Monday, December 28, 2009

Tom on the Fire Escape

This is part of a series of reprints from my classes. Once the class is over, I will lose these if I don't save them elsewhere. I've decided to post them here as they may be of some interest. This work is in reference to the Tennessee Williams play.

In "The Glass Menagerie" I believe that the fire escape is used to reflect upon what has happened within the apartment and plan for the future. When Tom is on the fire escape I think he is introspective, regretful, and a bit sad at first. Later he shows signs of hope for change, with which he is excited, happy, and far more emotional. Being on the steps allows him to distance himself from what has transpired, and it is here where he has time to think more calmly upon the strife that occurs when he is home. It’s at this distance that he can see his future and make plans to get there.

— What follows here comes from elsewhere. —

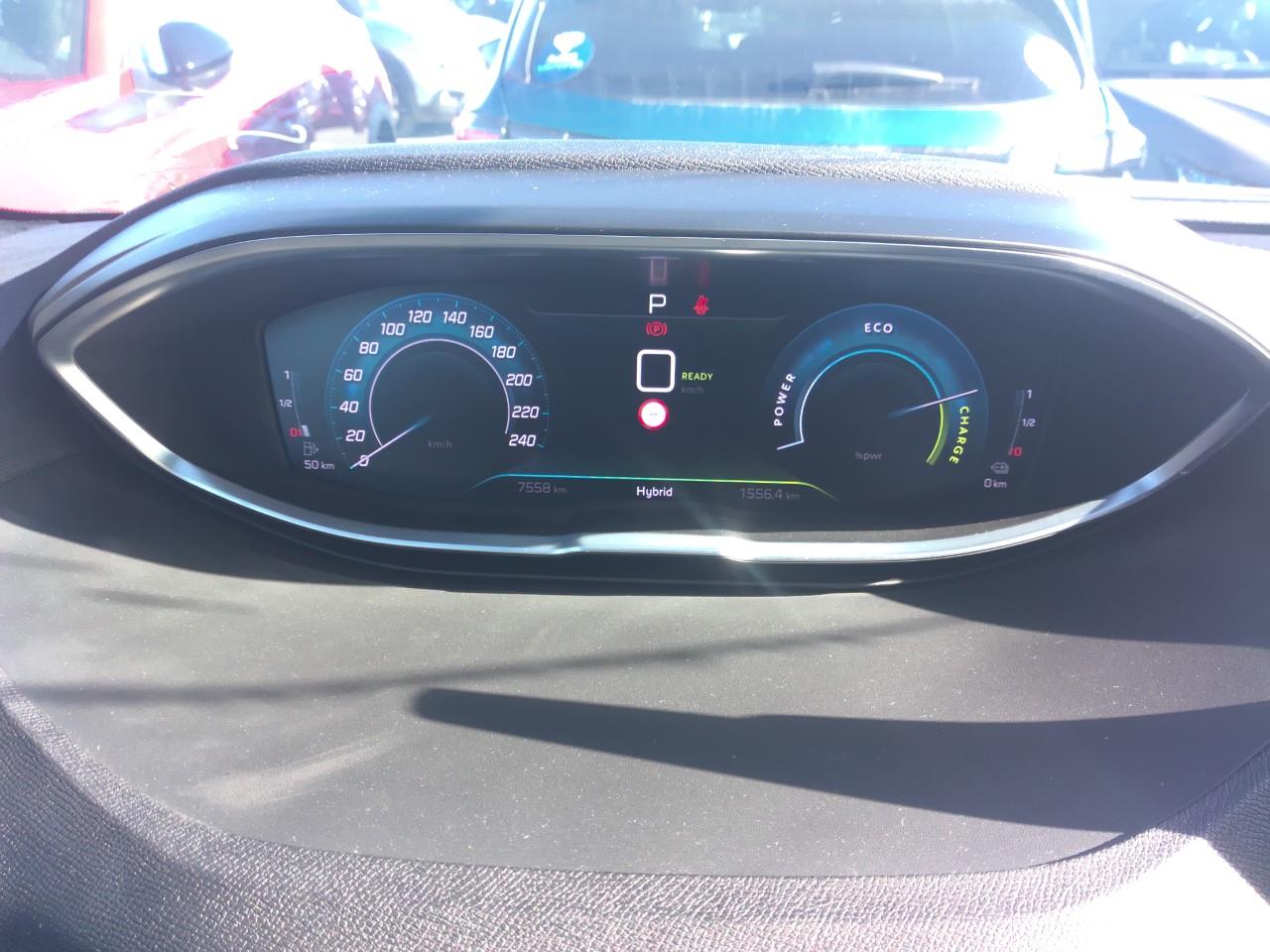 Foto Peugeot 3008 Hybrid 5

In the opening scene Tom addresses the audience directly from the fire escape, here he sets the scene. He’s also telling the audience, in a matter-of-fact manner what they should expect from the play. The next time Tom speaks from the fire escape he is drunk and returning home, yet he speaks with mild excitement of his night in vague innuendo to the earlier fight. Later, it is only after descending the steps that he agrees to his mother’s plan to fetch a beau for Laura from his workplace, he does so with a pointed quip. When Tom and Amanda are on the fire escape together they plan for Amanda’s future, though also secretly plan their own, flashes of excitement are shown but only in regards to their secret aspirations. When Tom is waiting on the fire escape with Jim he gives details of his plans to reach the future in his dreams, which is the most emotional scene outside for Tom, as his excitement to leave has reached its peak. Finally, at the very end of the play Tom addresses the audience again, here he is his most reverent and seems satisfied with the choices he made, but he’s also calm and somewhat morose.